**Work task**
Please transcribe the data that follows without the pictures, keeping every word the same.

**Available data**
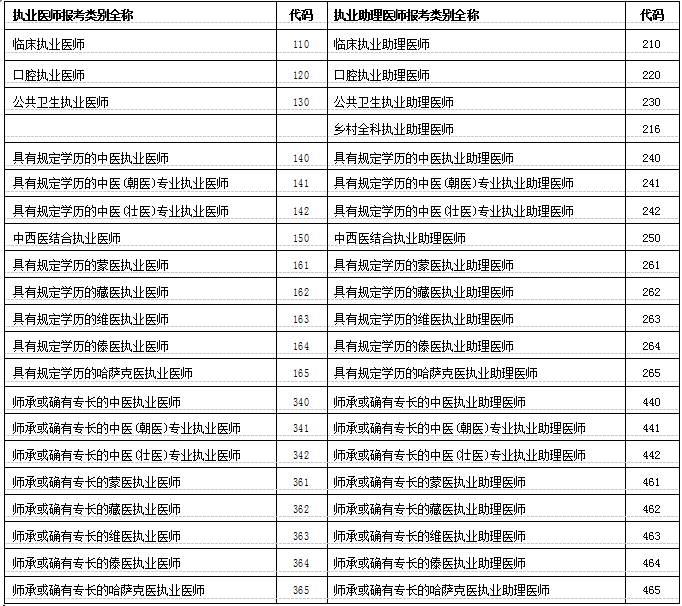 2018年醫(yī)師資格考試方式與分級(jí)分類（附報(bào)考類別全稱及代碼）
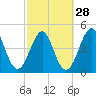 Cut 2N front range tide chart for Wednesday, February 28, 2024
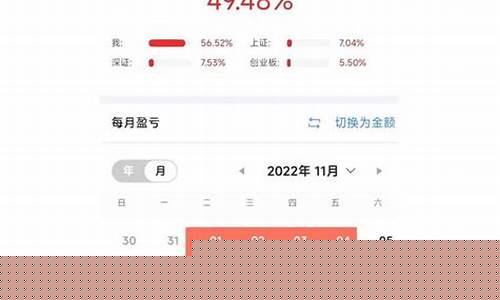 进股票群收费合理吗(qq进群收费合理吗)_https://www.xzdzcjx.com_创业板_第1张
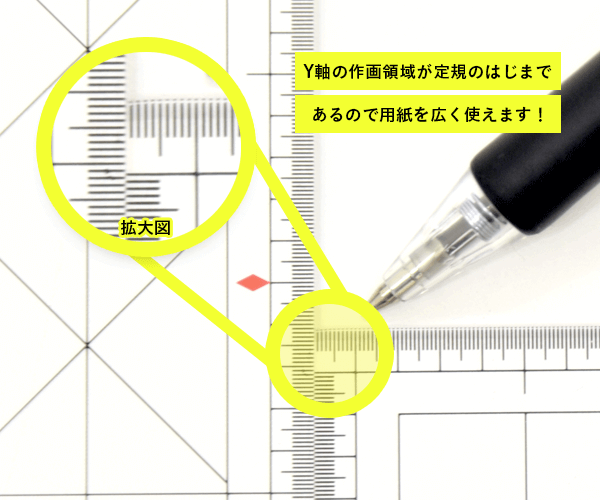 土地家屋調査士試験｜【2025年（令和7年度）合格目標】新・定規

**Response for this exercise**
 2018年醫(yī)師資格考試方式與分級(jí)分類（附報(bào)考類別全稱及代碼）
 Cut 2N front range tide chart for Wednesday, February 28, 2024
 进股票群收费合理吗(qq进群收费合理吗)_https://www.xzdzcjx.com_创业板_第1张
 土地家屋調査士試験｜【2025年（令和7年度）合格目標】新・定規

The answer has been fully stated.